Great Britain

'Greed personified' - Leaders slam European Super League

BORIS Johnson has said a European Super League would be very damaging change to the national sport and called on clubs involved to “answer to their fans” before going ahead with it.

The bombshell plan, announced on Sunday, saw United join Arsenal, Chelsea, Liverpool, Manchester City, Tottenham and six other European clubs in creating a rival competition to the Champions League.

It is anticipated three more clubs will join the breakaway group as founding members with the new competition, which will begin “as soon as practicable” to eventually feature 20 teams.

After the plans emerged on Sunday afternoon, the backlash was instantaneous throughout the game and beyond, before the clubs released statements just before midnight stating their intentions.

Announcing the news, Glazer, also vice-chairman of the Super League, said: “By bringing together the world’s greatest clubs and players to play each other throughout the season, the Super League will open a new chapter for European football, ensuring world-class competition and facilities, and increased financial support for the wider football pyramid.”

The Prime Minister took to Twitter to give his thoughts on the new plans.

He said: “Plans for a European Super League would be very damaging for football and we support football authorities in taking action.

“They would strike at the heart of the domestic game, and will concern fans across the country.

“The clubs involved must answer to their fans and the wider footballing community before taking any further steps.”

Culture Secretary Oliver Dowden was also quick to criticise.

“With many fans, we are concerned that this plan could create a closed shop at the very top of our national game,” he said.

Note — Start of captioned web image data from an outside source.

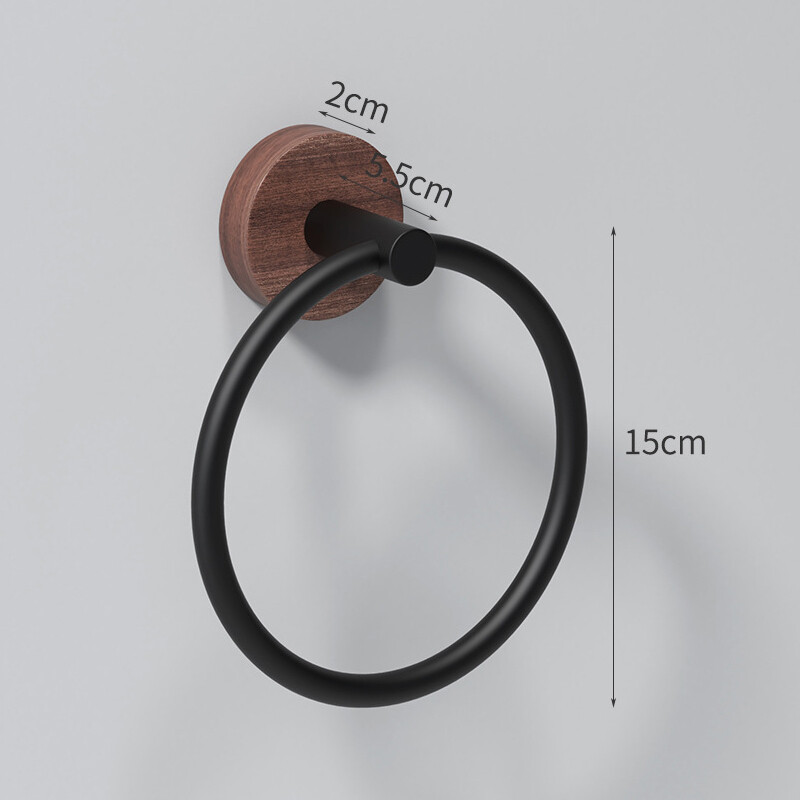 Alumīnija + riekstkoka koka dvieļu gredzens, roku dvieļu turētājs vannas istabai, dvieļu plaukta pakaramais virtuves sienas stiprinājumam Lieljaudas glabāšanai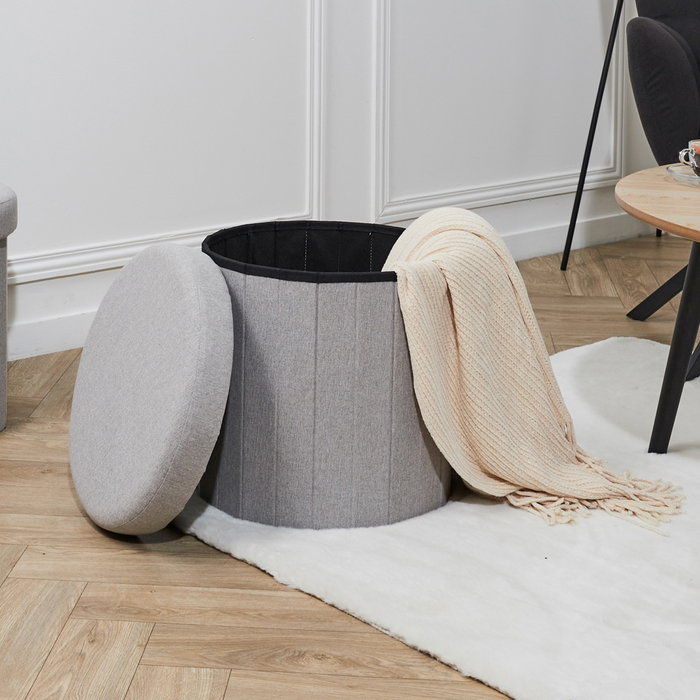 Home Deco Factory Puf Plegable con Almacenaje Essentiel Gris, Diámetro 38 cm, Altura 38 cm, Soporta 110 kg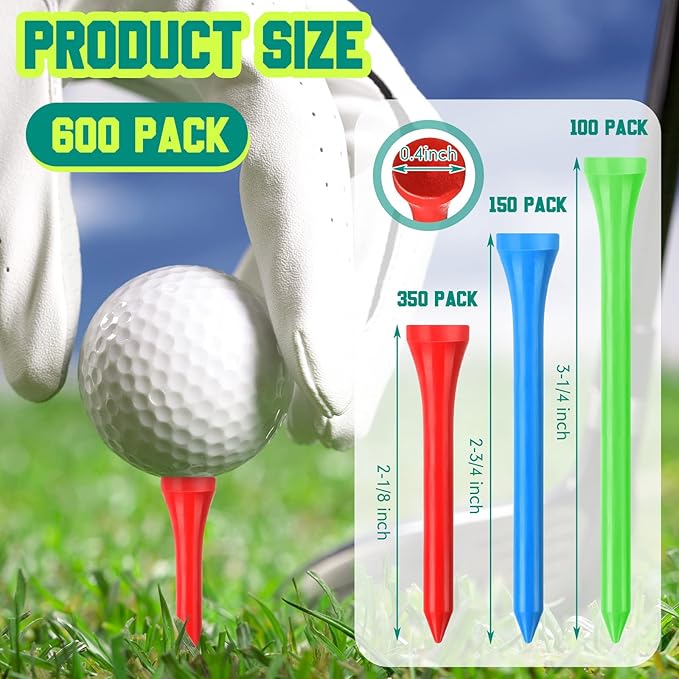 Mudder 600 Pack Golf Tees Bulk Wooden Golf Tees Multicolor Wood for Men Balls Accessories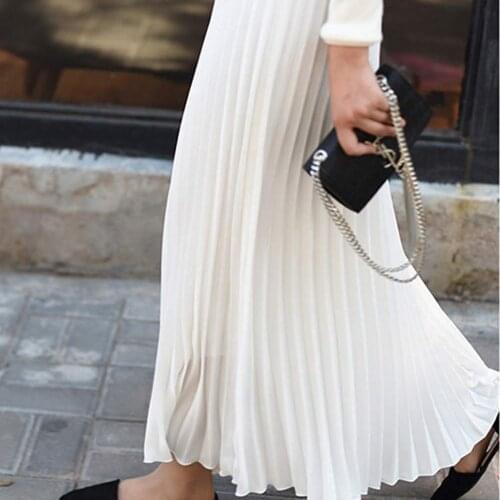 Autumn High Waist Pleated Long Skirts Womens Solid Pleated Elegant Midi Elastic Waist Skirt A-line Skirts Hip Slim Long Skirts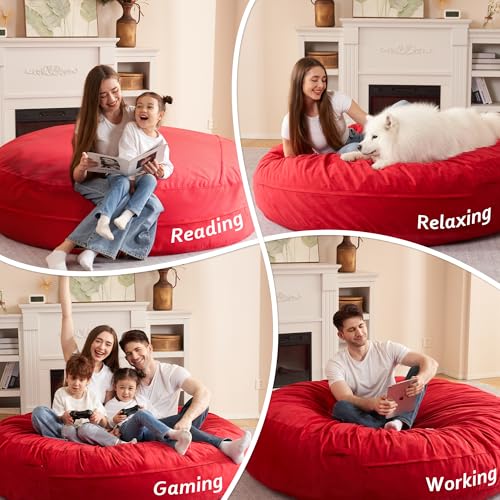 HABUTWAY XX-Large Bean Bag Chair: Giant 7' Memory Foam Furniture Bean Bag Chairs for Adults with Microfiber Cover 7Ft (Red)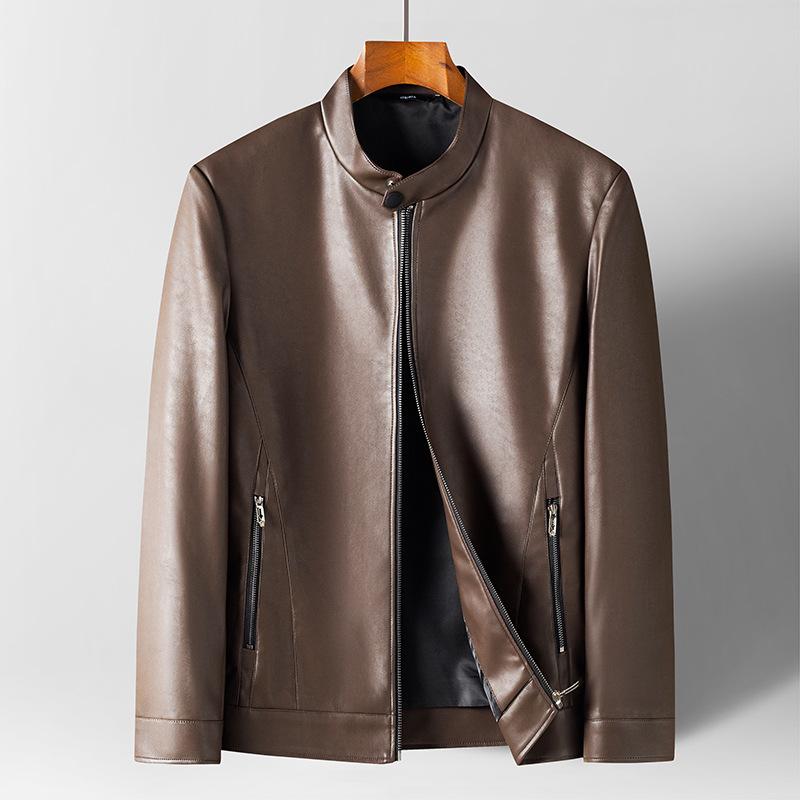 Новый год кожаная куртка мужская воротник стойка тонкая стираная искусственная кожа — фото 2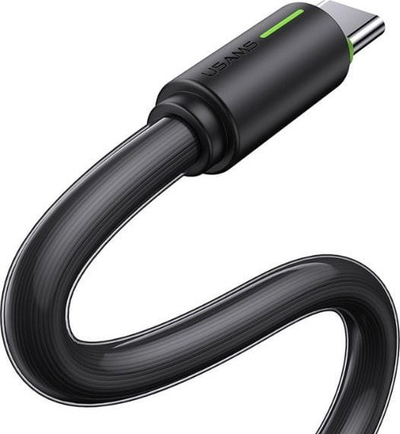 Kabllo USB Usams Yu Series, USB A në USB C, 1m, 3A, e zezë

“Sustainability, integrity and fair competition are absolutely paramount and anything that undermines this is deeply troubling and damaging for football.”

Labour leader and Arsenal fan Sir Keir Starmer said the clubs reportedly involved “should rethink immediately” and added that a non-domestic league “ignores” supporters.

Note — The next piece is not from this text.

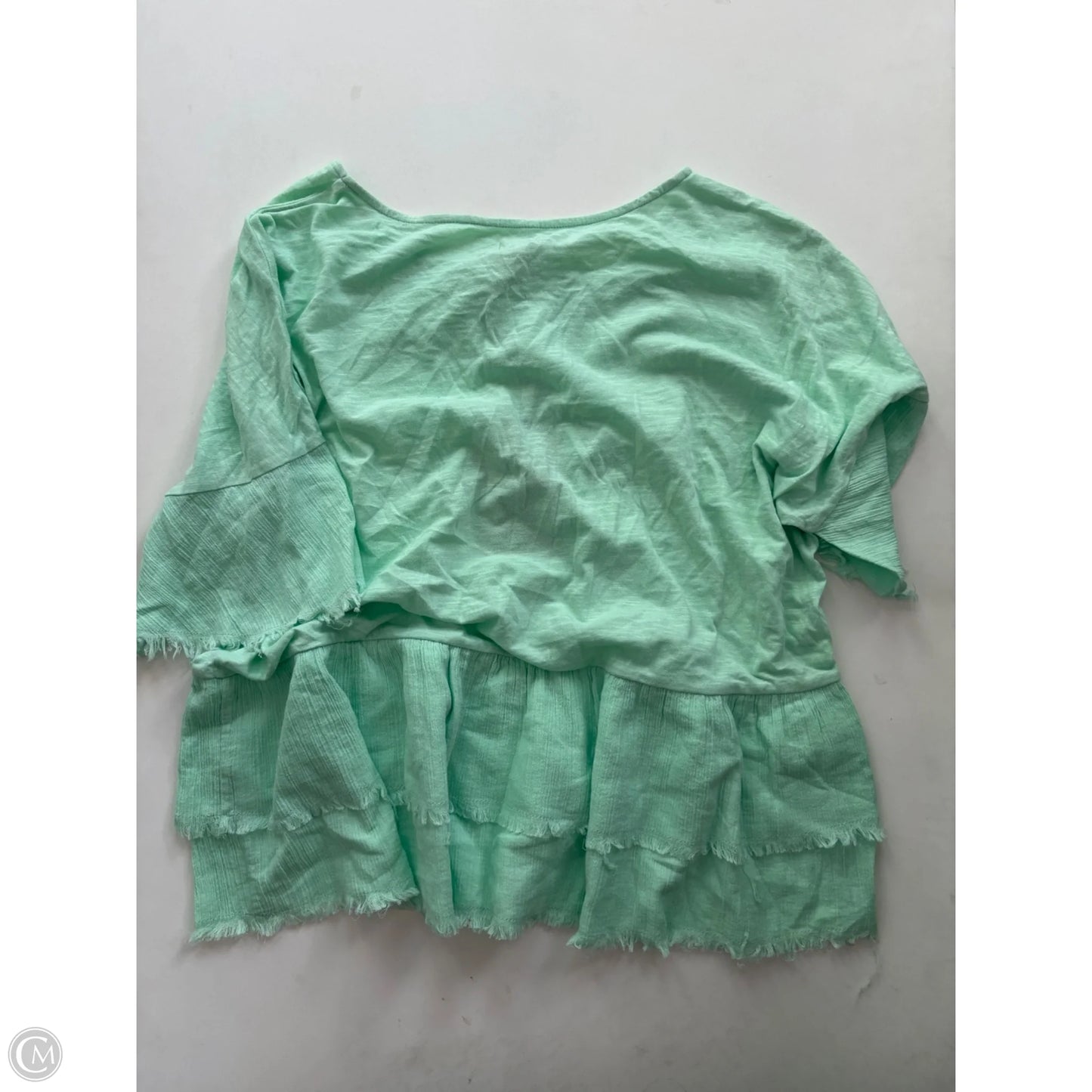 Blouse Short Sleeve By True Craft In Green, Size: L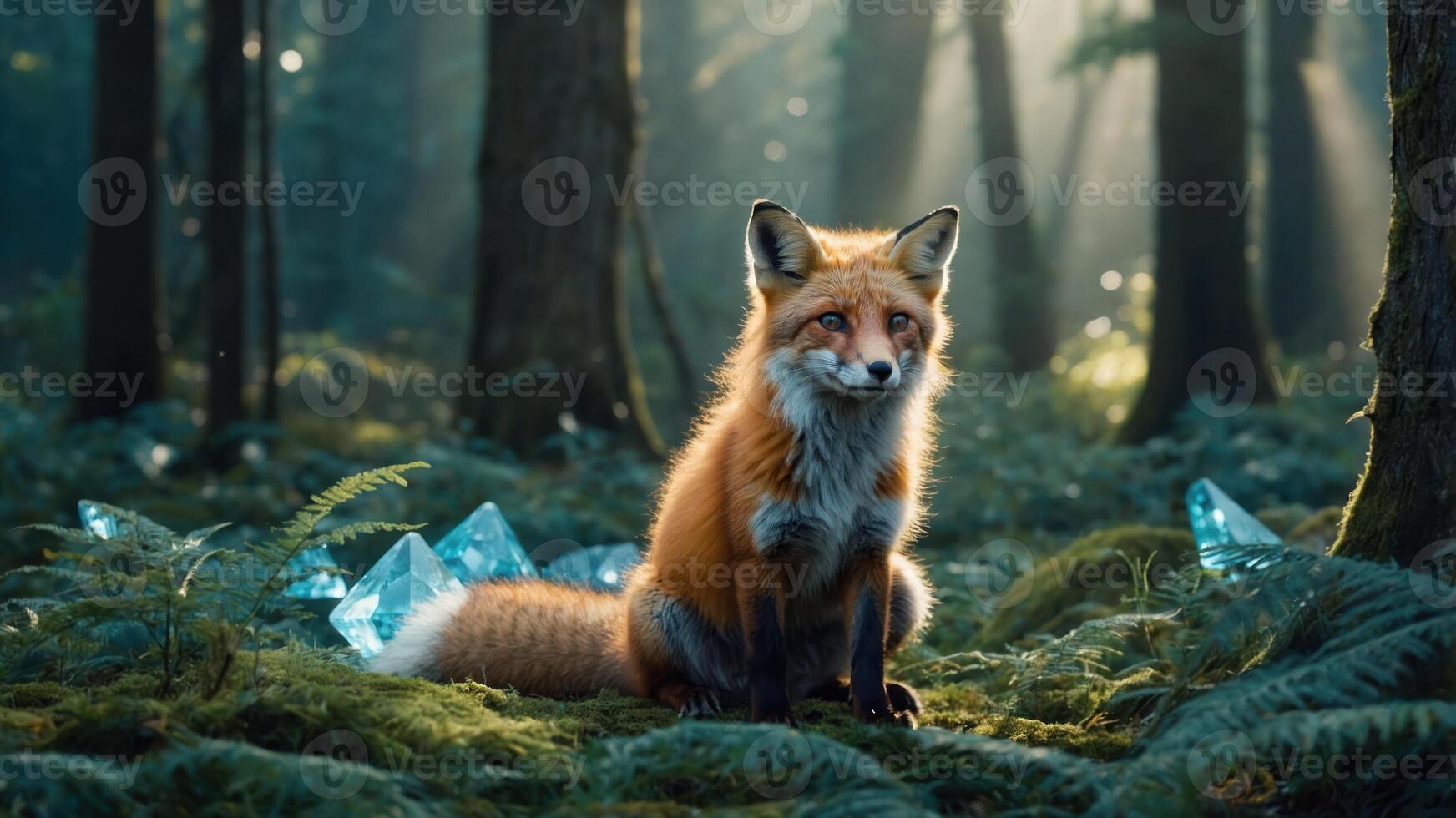 Fox Sitting Among Crystals in a Forest with Sunlight Filtering Through photo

“This proposal risks shutting the door on fans for good, reducing them to mere spectators and consumers,” he said on Twitter.

Sir Ed Davey, leader of the Liberal Democrats, said: “This is greed personified, ripping the heart out of the English game, leaving clubs up and down the country to suffer after an awful year.

“The consequences of these plans reach far and wide. The Government must step in to prevent a small number of greedy, rich owners destroying the game we all love.”

Fans’ groups, including those linked to Liverpool, Spurs and Chelsea, have voiced their opposition to the clubs joining a super league.

Chelsea Supporters’ Trust said football supporters worldwide have “experienced the ultimate betrayal”, adding: “This is a decision of greed to line the pockets of those at the top and it has been made with no consideration for the loyal supporters, our history, our future or the future of football in this country.”